I am a single lady, late twenties , had a intimate encounter 2 weeks ago with someone and used protection but now I ve started getting a skin rash which I only get when I am pregnant, how is it possible after using a condom which didn't burst, I am baffled. Similar thing happened years back as a student and let me just say I was practically disowned by my parents for 'bringing disgrace and shame to family'  , lost that pregnancy, now I am working but not in a relationship

The koko is that I am not in a relationship now so goes back to me becoming a single mum which will complete the disowning process for me (my family are the type you havent seen, my age is just a number to them) or I find someone to accept me and baby and get married for sake of it, although am not in a relationship, someone has been pestering me to be in one with him and I don't really like him but seems beggars can't choose

(I will ignore insulting comments)
Re: Pregnancy: How Did This Happen Again? by Cuteobi(f): 9:31am On Feb 25, 2012
Have u had a preg test done yet? Buy a PT strip and DIY ASAP before u conclude ur preggers.IMO two weeks is to early for preg signs.
Re: Pregnancy: How Did This Happen Again? by Sheenyids: 9:48am On Feb 25, 2012
On my way to buy the stick now, Haven't had my period this month though
Re: Pregnancy: How Did This Happen Again? by feminineA: 1:08pm On Feb 25, 2012
First thing first let's confirm u re pregnant then I will come back.
Re: Pregnancy: How Did This Happen Again? by agiboma(f): 1:44pm On Feb 25, 2012
still waiting for the results
Re: Pregnancy: How Did This Happen Again? by Sheenyids: 2:11pm On Feb 25, 2012
I m back, Its Positive sad
Re: Pregnancy: How Did This Happen Again? by Tiana155(f): 2:35pm On Feb 25, 2012
My dear friend, there are somethings that are beyond our control no matter how careful you are they happen, however, there's absolutely nothing wrong for you to take responsibility for your action. At the same time you can go to the hospital tell the doctor to regularize your mentral flow, 2weeks is relativetely early. Asap.

1 Like

Re: Pregnancy: How Did This Happen Again? by feminineA: 6:00pm On Feb 25, 2012
I feel you should do a proper medical test and if its still positive then you should keep your baby irrespective of the pressure around you. I hope u have ur job as well as an apartment to yourself and you are not a young lady.you don't know the child that will be a star tommorow look at clarion chukwuka if they had told her when she was 17 and got pregnant that clarence will be a star am sure she won't believe with all the humilation she faced. So take things easy and adjust to this new life.
Re: Pregnancy: How Did This Happen Again? by Nobody: 6:58pm On Feb 25, 2012
get an abortion. how hard can that be? and keep your legs closed next time.
Re: Pregnancy: How Did This Happen Again? by mission08: 7:20pm On Feb 25, 2012
Quite a difficult situation. Just weigh the pros and cons of keeping d baby and having an abortion. Although, personally I may not go for an abortion but then I'v never been in dat situation. If u r sure u can face being a single mother both emotionally and financially, then keep d baby and brace up 4 d consequences. Ur family may not support u initially, but with time they will come around.

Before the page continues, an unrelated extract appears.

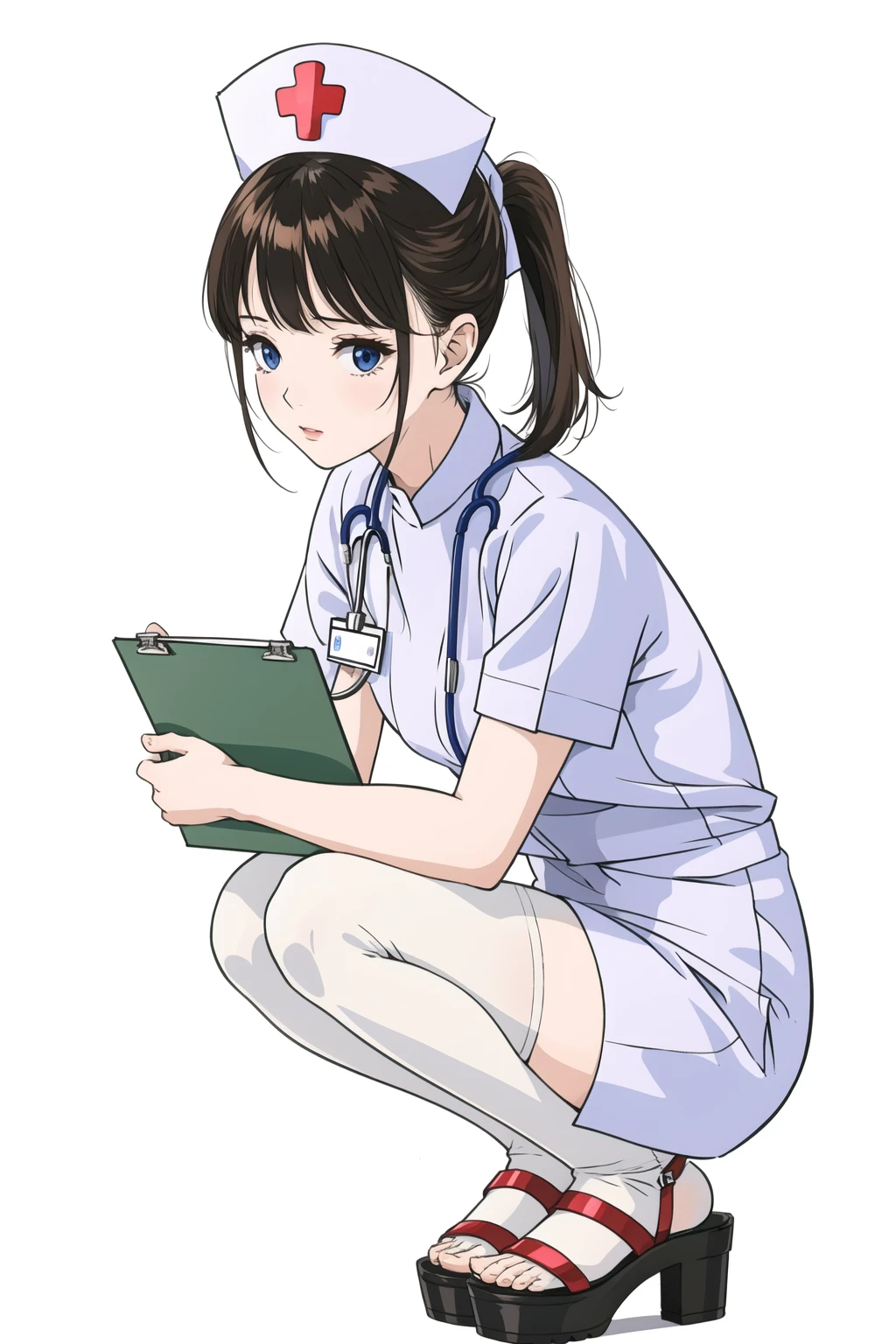 ((((masterpiece)))), ((((highly detailed)))),[[[realistic art]]], beautiful child girl, slender,small breasts, ((((bangs)))), ((1girl)),solo,((looking afar)), [expressionless], medium hair, short ponytail,(((nurse))),short sleeves, (((nurses cap))), white panties, ((white pantyhose)), (white Nurse Sandals), stethoscope, ((pigeon toed)),((squatting)), name tag, foot focus, from below, full body , hug clipboard, Medical cabinet, medical office,

,[(white background:1.5),::5]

Condom use is just about 90-95% safe, anything culd have happened. Can u get in touch with d guy responsible, who knows? Otherwise in the distance future, be prepared for the story u will tell ur child about d dad. At least make him know he has a child somewhere in fairness to him.
Re: Pregnancy: How Did This Happen Again? by Odunnu: 7:26pm On Feb 25, 2012
You are an adult for God's sake, learn to act like one and your parents would have no option than to pipe down! You have a job, thank God! Get ready, make preparations, you are about to be a mom. Whatever you choose to do, make sure you dont as much as think of aborting the baby.

1 Like

Re: Pregnancy: How Did This Happen Again? by Nobody: 7:27pm On Feb 25, 2012
Odunnu:

You are an adult for God's sake, learn to act like one and your parents would have no option than to pipe down! You have a job, thank God! Get ready, make preparations, you are about to be a mom. Whatever you choose to do, make sure you dont as much as think of aborting the baby.  

why not? what sort of life does this baby stand to have?
Re: Pregnancy: How Did This Happen Again? by mission08: 8:03pm On Feb 25, 2012
Mind u, dont be surprised if dt guy pestering u now run once he knows u r pregnant.
Re: Pregnancy: How Did This Happen Again? by agiboma(f): 12:36am On Feb 26, 2012
If you are in the position to have the baby then you should do so.
Re: Pregnancy: How Did This Happen Again? by moremi2008(m): 1:26am On Feb 26, 2012
I am not a big fan of abortions if they can be avoided but in this case, it might be your best option. You are well-educated and you should be careful not to reason/behave like an illiterate by bringing a child into this world in such precarious circumstances.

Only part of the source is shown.